Before deciding on the "best" language with which to write an automated trading system it is necessary to define the requirements. Is the system going to be purely execution based? Will the system require a risk management or portfolio construction module? Will the system require a high-performance backtester? For most strategies the trading system can be partitioned into two categories: Research and signal generation.

Research is concerned with evaluation of a strategy performance over historical data. The process of evaluating a trading strategy over prior market data is known as backtesting. The data size and algorithmic complexity will have a big impact on the computational intensity of the backtester. CPU speed and concurrency are often the limiting factors in optimising research execution speed.

Signal generation is concerned with generating a set of trading signals from an algorithm and sending such orders to the market, usually via a brokerage. For certain strategies a high level of performance is required. I/O issues such as network bandwidth and latency are often the limiting factor in optimising execution systems. Thus the choice of languages for each component of your entire system may be quite different.

Type, Frequency and Volume of Strategy

The type of algorithmic strategy employed will have a substantial impact on the design of the system. It will be necessary to consider the markets being traded, the connectivity to external data vendors, the frequency and volume of the strategy, the trade-off between ease of development and performance optimisation, as well as any custom hardware, including co-located custom servers, GPUs or FPGAs that might be necessary.

The technology choices for a low-frequency US equities strategy will be vastly different from those of a high-frequency statistical arbitrage strategy trading on the futures market. Prior to the choice of language many data vendors must be evaluated that pertain to a the strategy at hand.

It will be necessary to consider connectivity to the vendor, structure of any APIs, timeliness of the data, storage requirements and resiliency in the face of a vendor going offline. It is also wise to possess rapid access to multiple vendors! Various instruments all have their own storage quirks, examples of which include multiple ticker symbols for equities and expiration dates for futures (not to mention any specific OTC data). This needs to be factored in to the platform design.

Frequency of strategy is likely to be one of the biggest drivers of how the technology stack will be defined. Strategies employing data more frequently than minutely or secondly bars require significant consideration with regards to performance.

A strategy exceeding secondly bars (i.e. tick data) leads to a performance driven design as the primary requirement. For high frequency strategies a substantial amount of market data will need to be stored and evaluated. Software such as HDF5 or kdb+ are commonly used for these roles.

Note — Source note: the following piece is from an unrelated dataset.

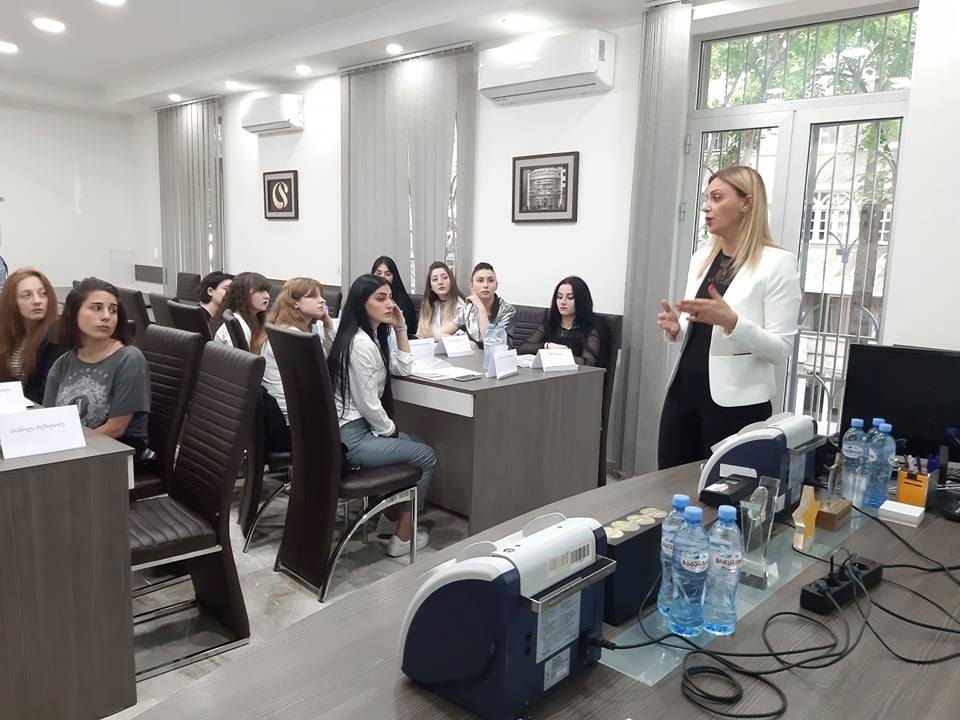 ტრენინგი „ფულის დამცავი ნიშნები"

In order to process the extensive volumes of data needed for HFT applications, an extensively optimised backtester and execution system must be used. C/C++ (possibly with some assembler) is likely to the strongest language candidate. Ultra-high frequency strategies will almost certainly require custom hardware such as FPGAs, exchange co-location and kernal/network interface tuning.

Research Systems

Research systems typically involve a mixture of interactive development and automated scripting. The former often takes place within an IDE such as Visual Studio, MatLab or R Studio. The latter involves extensive numerical calculations over numerous parameters and data points. This leads to a language choice providing a straightforward environment to test code, but also provides sufficient performance to evaluate strategies over multiple parameter dimensions.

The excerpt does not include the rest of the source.